===== Data in this exercise
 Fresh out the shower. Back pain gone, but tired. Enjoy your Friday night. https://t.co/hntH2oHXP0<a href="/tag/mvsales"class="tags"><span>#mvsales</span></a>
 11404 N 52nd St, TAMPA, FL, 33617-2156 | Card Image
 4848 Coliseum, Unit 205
==========
===== Data in this exercise
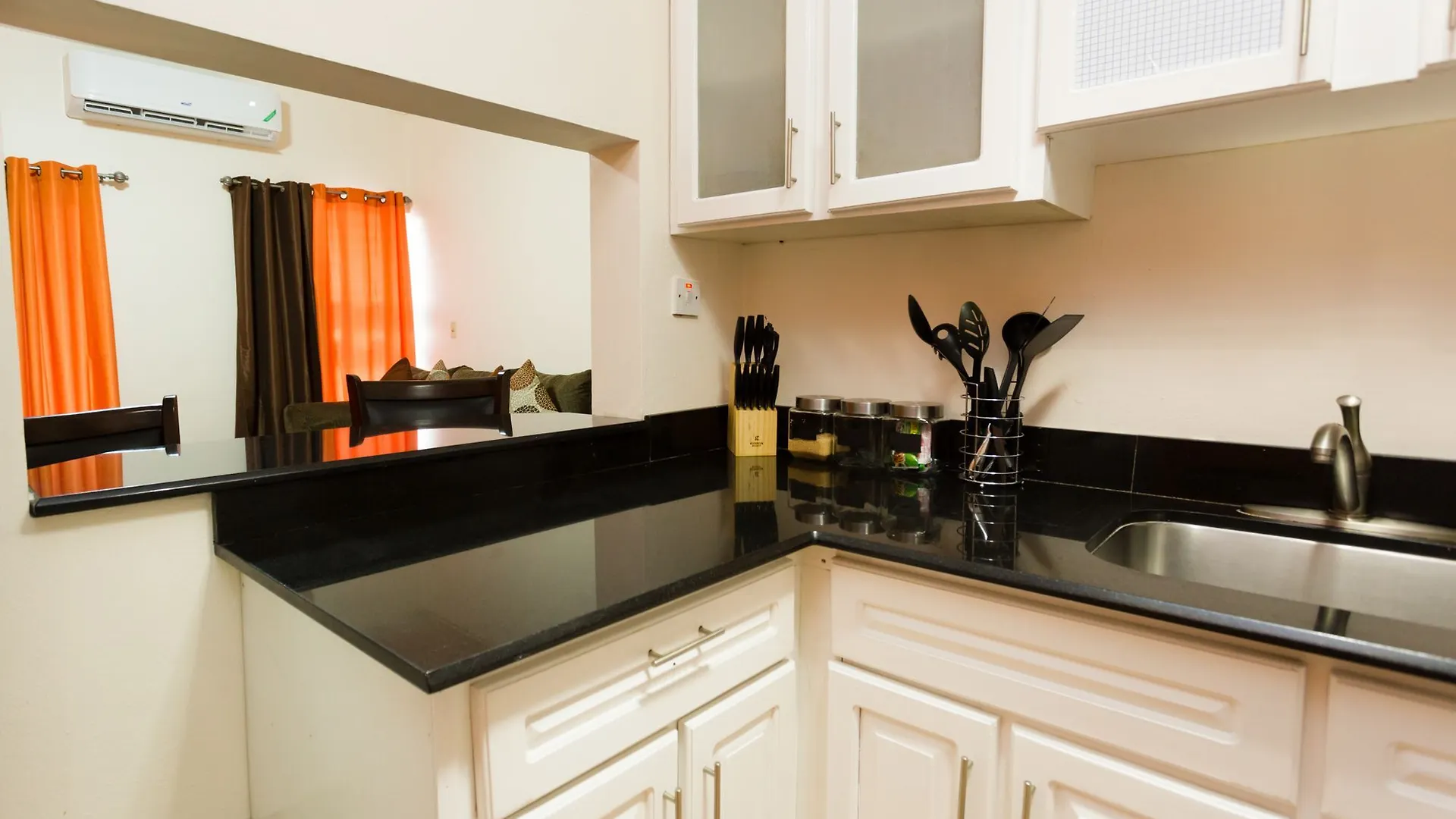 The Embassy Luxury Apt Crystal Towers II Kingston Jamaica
==========
===== Data in this exercise
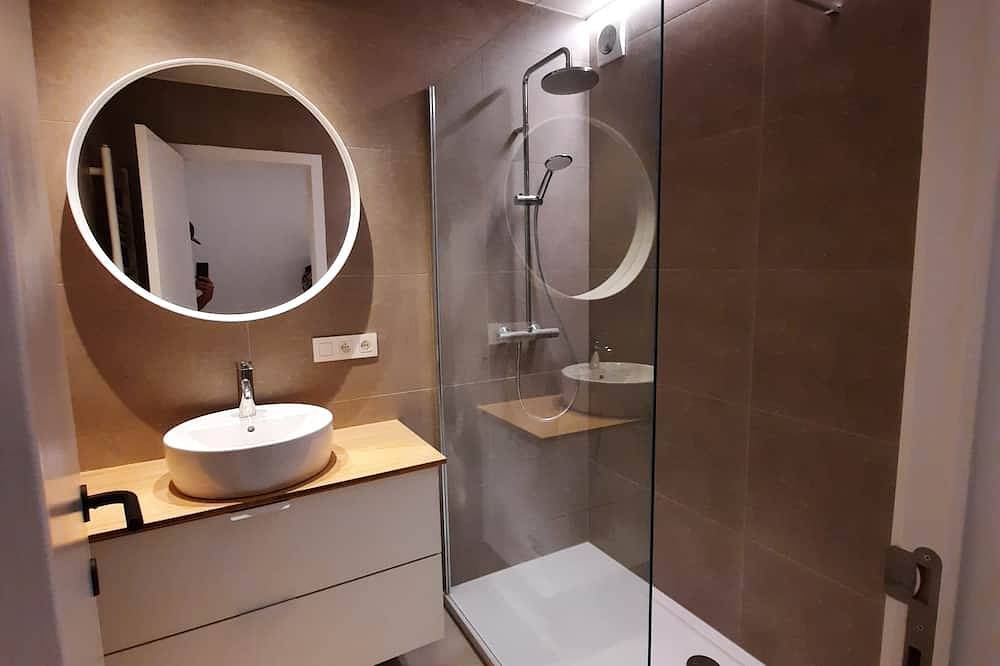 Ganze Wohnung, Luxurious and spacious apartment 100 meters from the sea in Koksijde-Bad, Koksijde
==========
• What you are asked to do
Return word for word the lines above from the line with "Fresh out the" to the line with "4848 Coliseum, Unit 205", including both and leaving out all others.

• Completed task
 Fresh out the shower. Back pain gone, but tired. Enjoy your Friday night. https://t.co/hntH2oHXP0<a href="/tag/mvsales"class="tags"><span>#mvsales</span></a>
 11404 N 52nd St, TAMPA, FL, 33617-2156 | Card Image
 4848 Coliseum, Unit 205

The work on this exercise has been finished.